Extracted entries

-- Opening Marker --

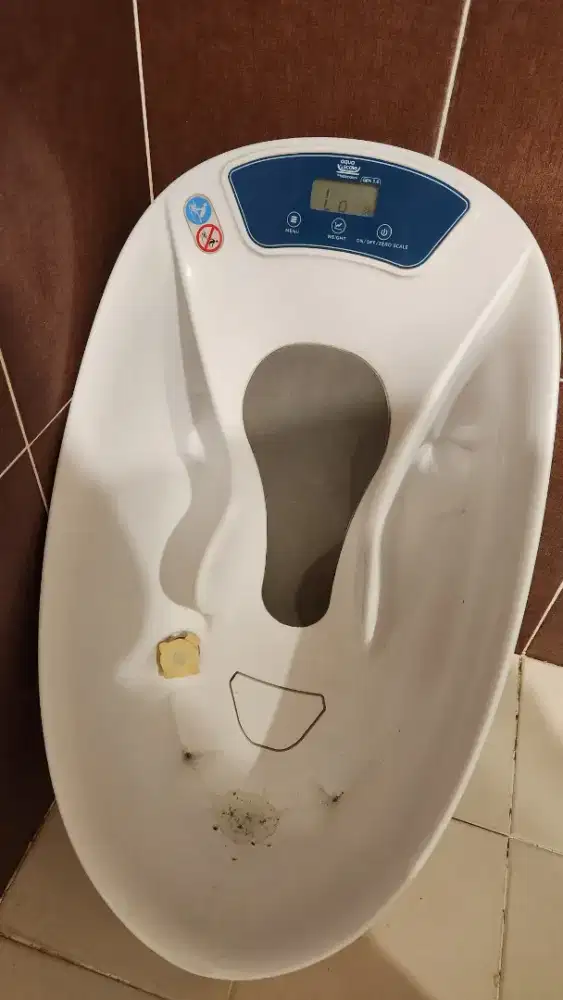 Dijual cepat! Tempat mandi bayi merk aqua scale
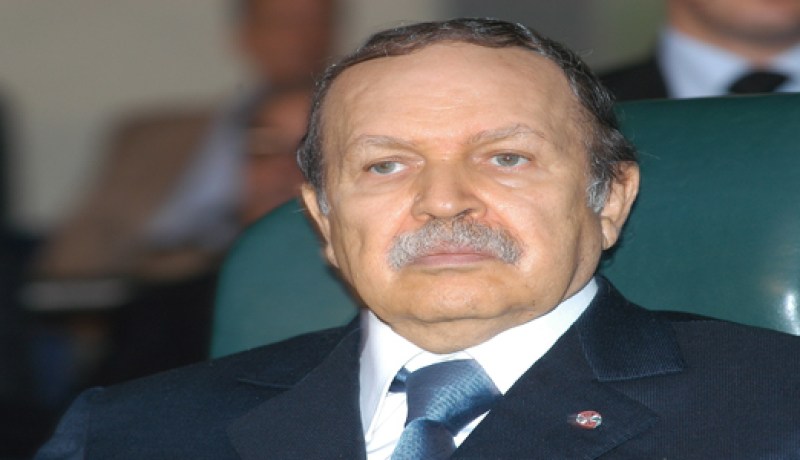 اللّسان مع الرئيس‮ ‬والقلب مع معارضيه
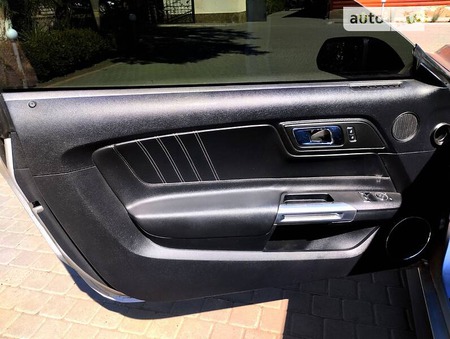 Ford Mustang 2015  випуску Миколаїв з двигуном 2.3 л бензин купе автомат за 20000 долл. 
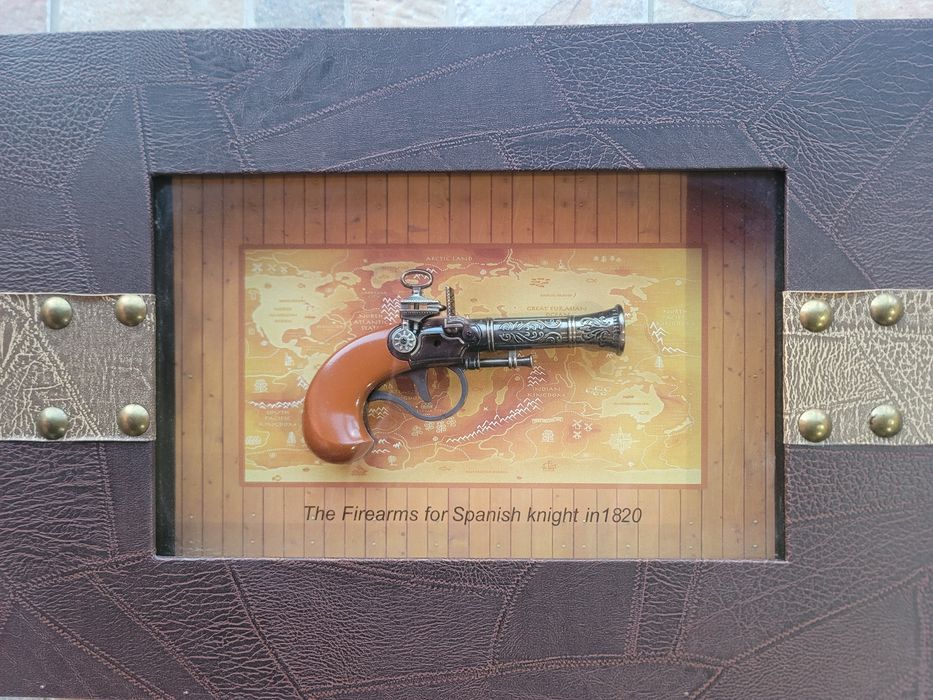 Tablou tip panoplie cu pistol decorativ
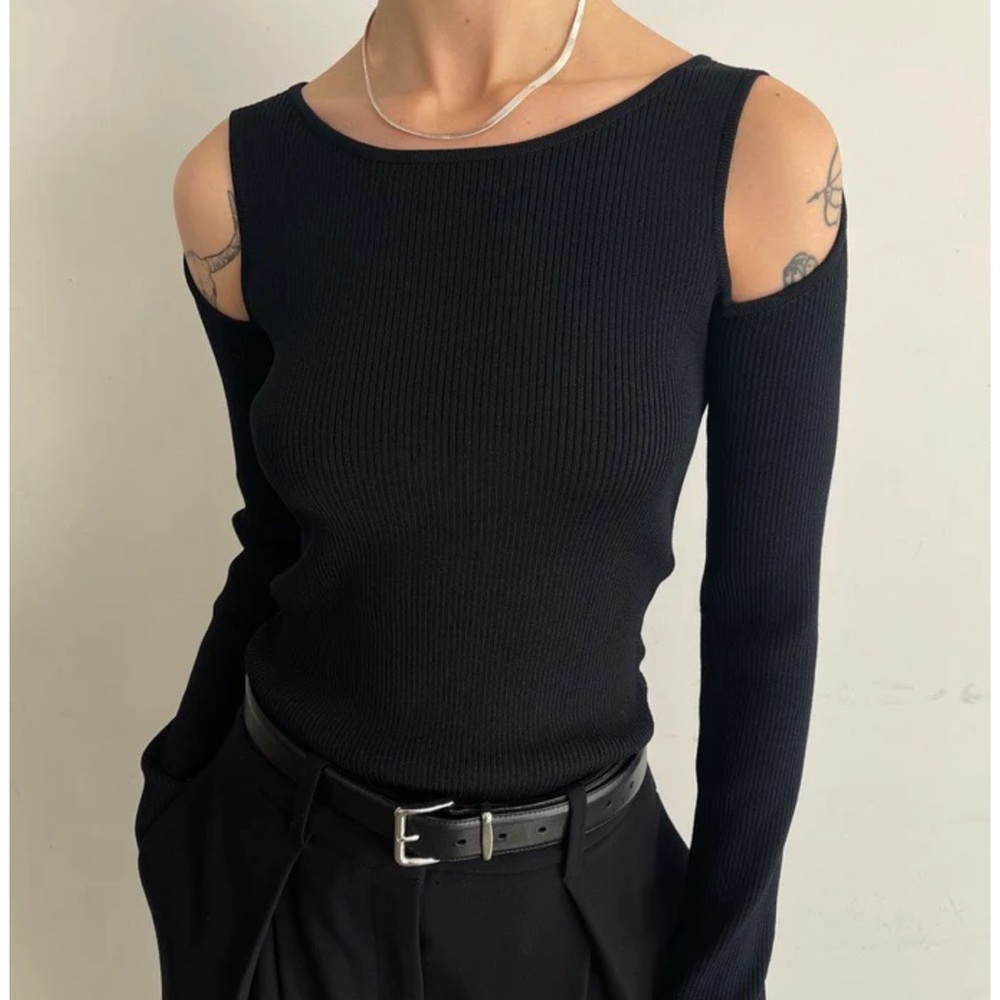 NWT Oak + Fort Ribbed Shoulder Cut Out Long Sleeve
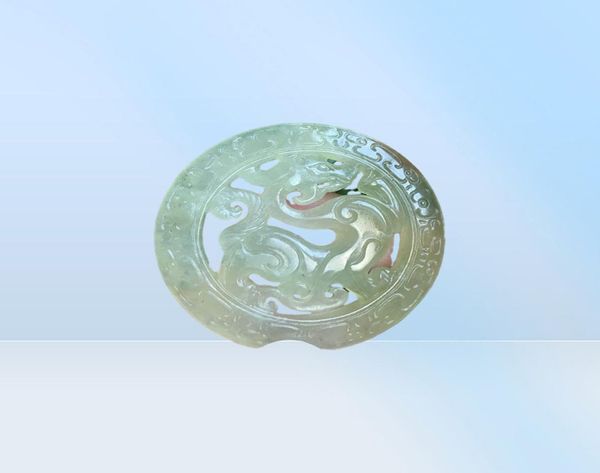 Chine Xiu Jade Stone sculptée fu Foo Dog Lion Amulets Longevité Luck Jade Pendant3218890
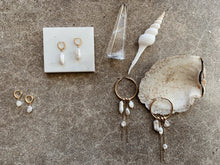 Load image into Gallery viewer, Nymph Pearl Earrings
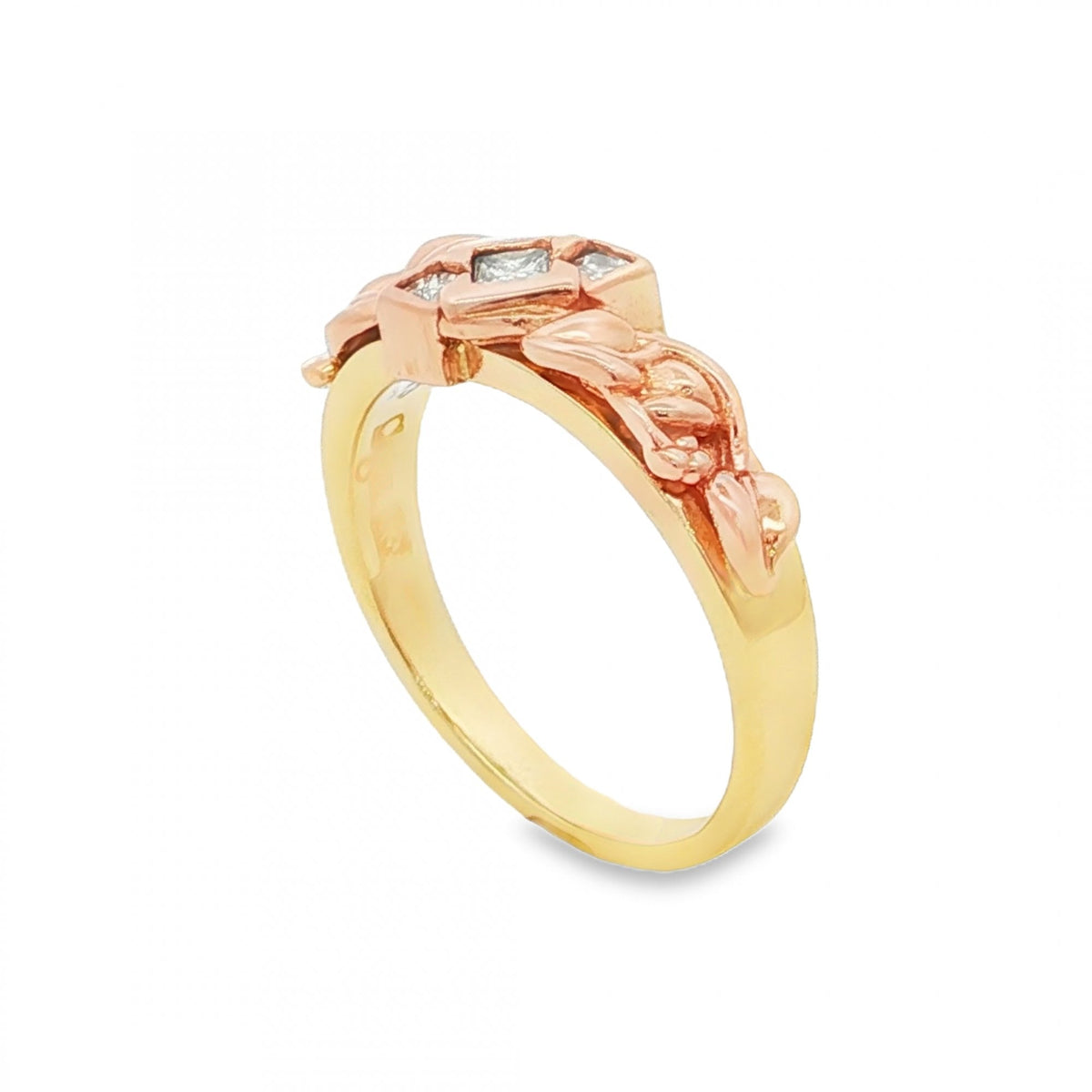 18ct Multi-Tone Gold 150th Year Extraction Diamond Ring - 0.20ct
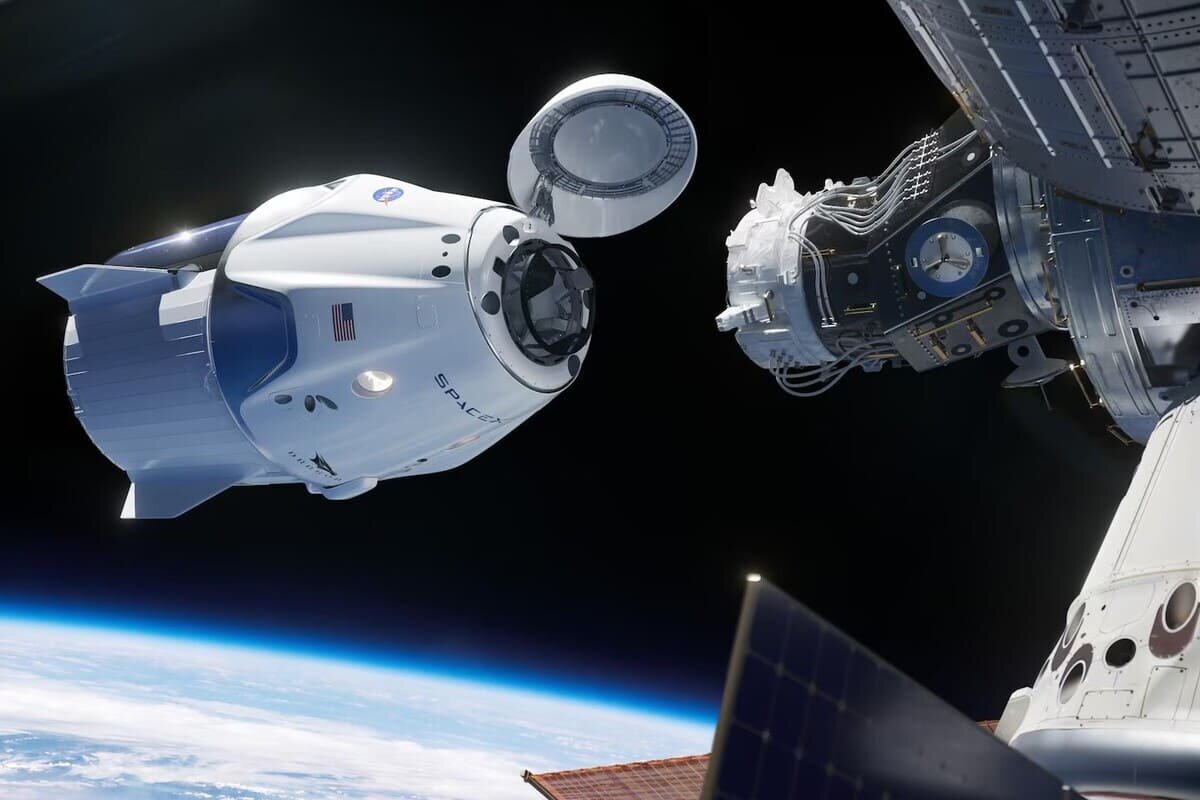    Художественная иллюстрация стыковки космического корабля Crew Dragon компании SpaceX с Международной космической станцией (МКС) / © NASA
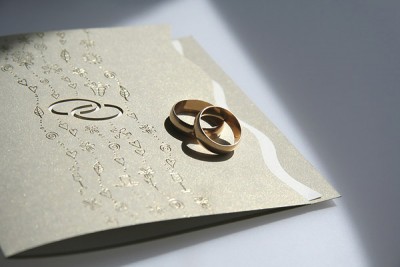 Современные методы печати пригласительных на свадьбу со своими уникальными особенностями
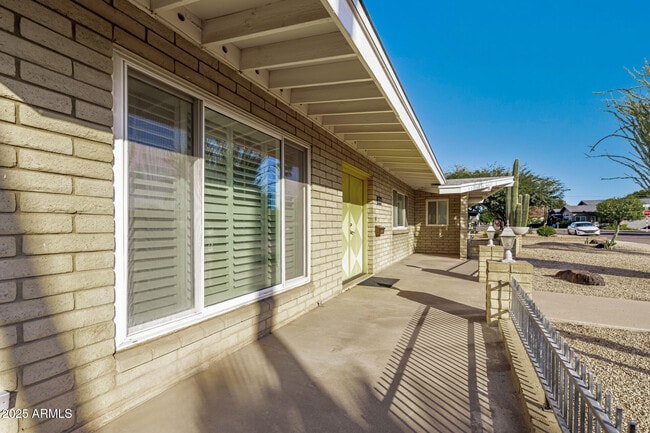 Building Photo - 3738 E Glenrosa Ave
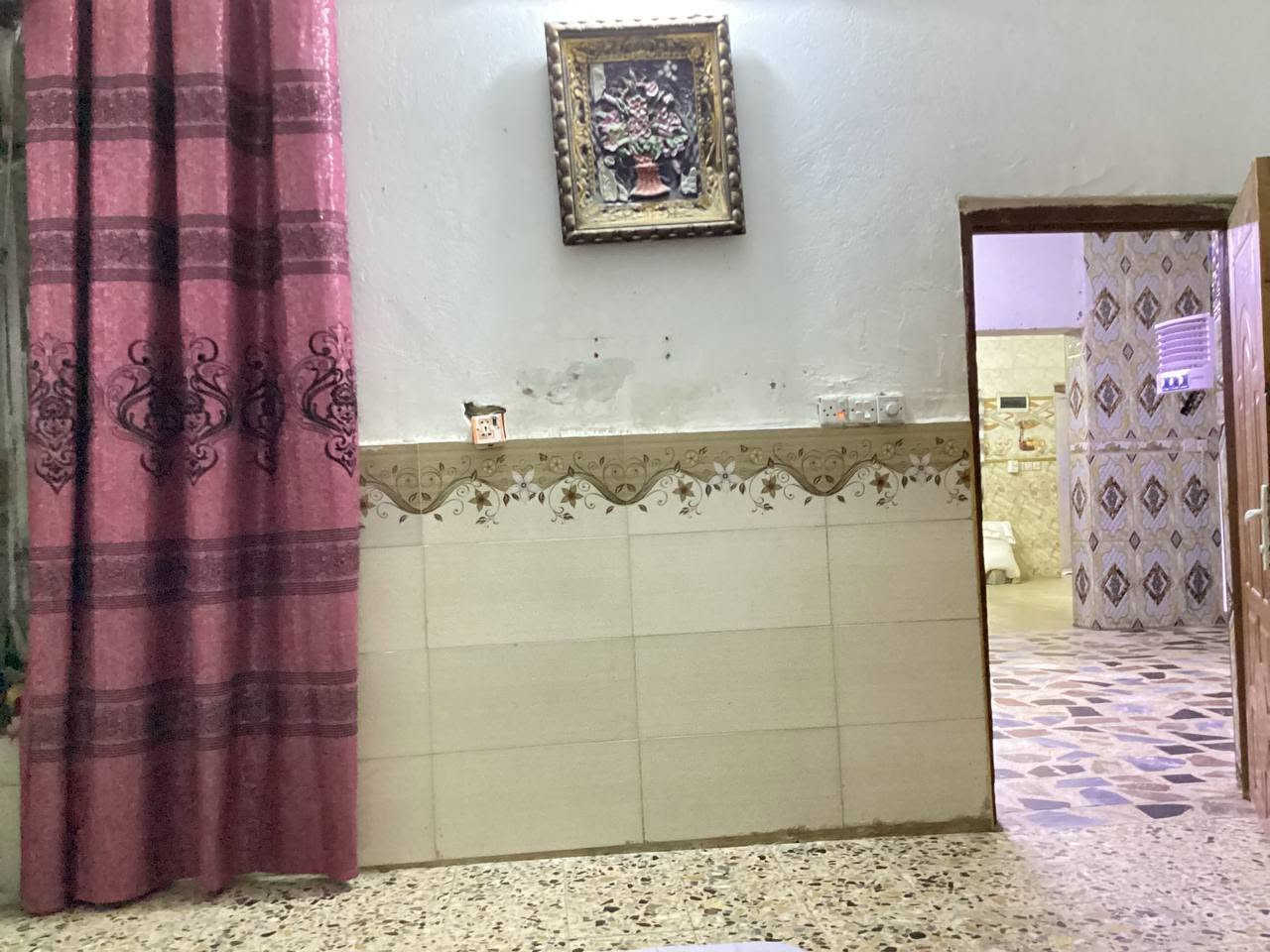 بيت  طابو مساحته 200 طابقين .بي  اربع  غرف  وركن ومقابيله مدرسه ومنتزهه مكان حي الحريه 
***********
***********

-- Closing Marker --

Work item
Please transcribe the entries exactly, omitting the images.

Exercise output
 Dijual cepat! Tempat mandi bayi merk aqua scale
 اللّسان مع الرئيس‮ ‬والقلب مع معارضيه
 Ford Mustang 2015  випуску Миколаїв з двигуном 2.3 л бензин купе автомат за 20000 долл. 
 Tablou tip panoplie cu pistol decorativ
 NWT Oak + Fort Ribbed Shoulder Cut Out Long Sleeve
 Chine Xiu Jade Stone sculptée fu Foo Dog Lion Amulets Longevité Luck Jade Pendant3218890
 Load image into Gallery viewer, Nymph Pearl Earrings
 18ct Multi-Tone Gold 150th Year Extraction Diamond Ring - 0.20ct
    Художественная иллюстрация стыковки космического корабля Crew Dragon компании SpaceX с Международной космической станцией (МКС) / © NASA
 Современные методы печати пригласительных на свадьбу со своими уникальными особенностями
 Building Photo - 3738 E Glenrosa Ave
 بيت  طابو مساحته 200 طابقين .بي  اربع  غرف  وركن ومقابيله مدرسه ومنتزهه مكان حي الحريه 
***********
***********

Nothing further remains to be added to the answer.